Work instructions — Would you copy exactly the lines in the data below from the one that has "Житель Копейска использует" through the one that has "Birdseye view of the Praça do Cubo", dropping any pictures?

Data records —
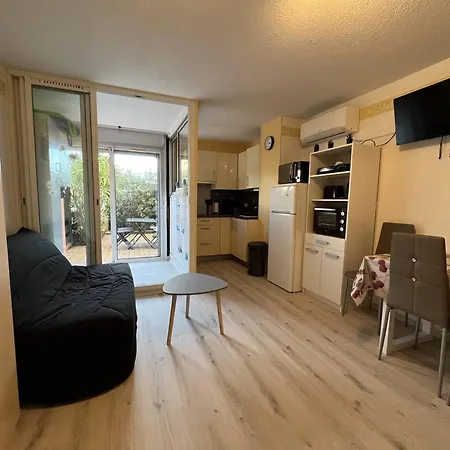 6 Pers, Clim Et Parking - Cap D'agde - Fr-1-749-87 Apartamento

==

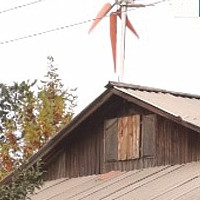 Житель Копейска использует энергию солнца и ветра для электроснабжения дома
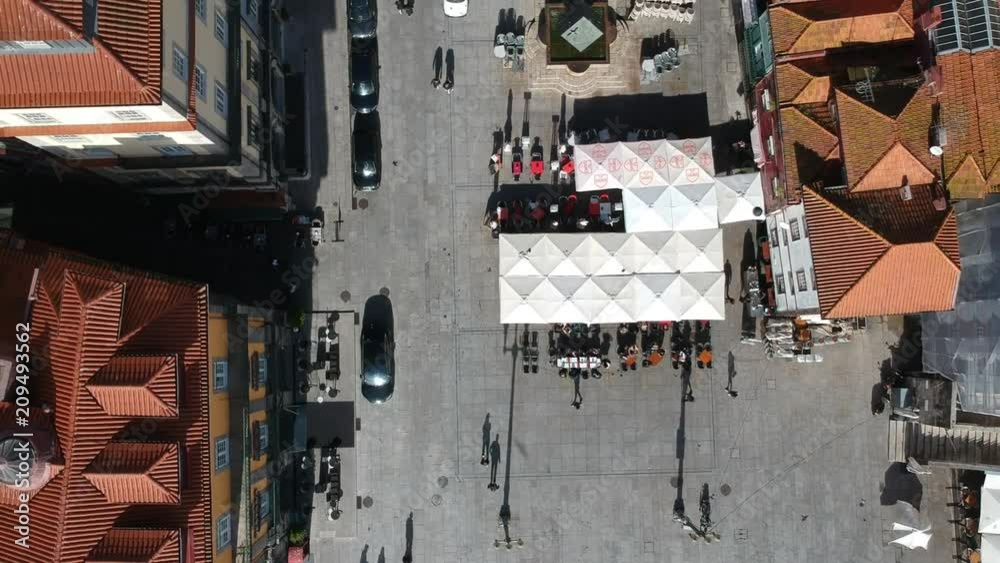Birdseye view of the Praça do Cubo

Expected answer —
 Житель Копейска использует энергию солнца и ветра для электроснабжения дома
Birdseye view of the Praça do Cubo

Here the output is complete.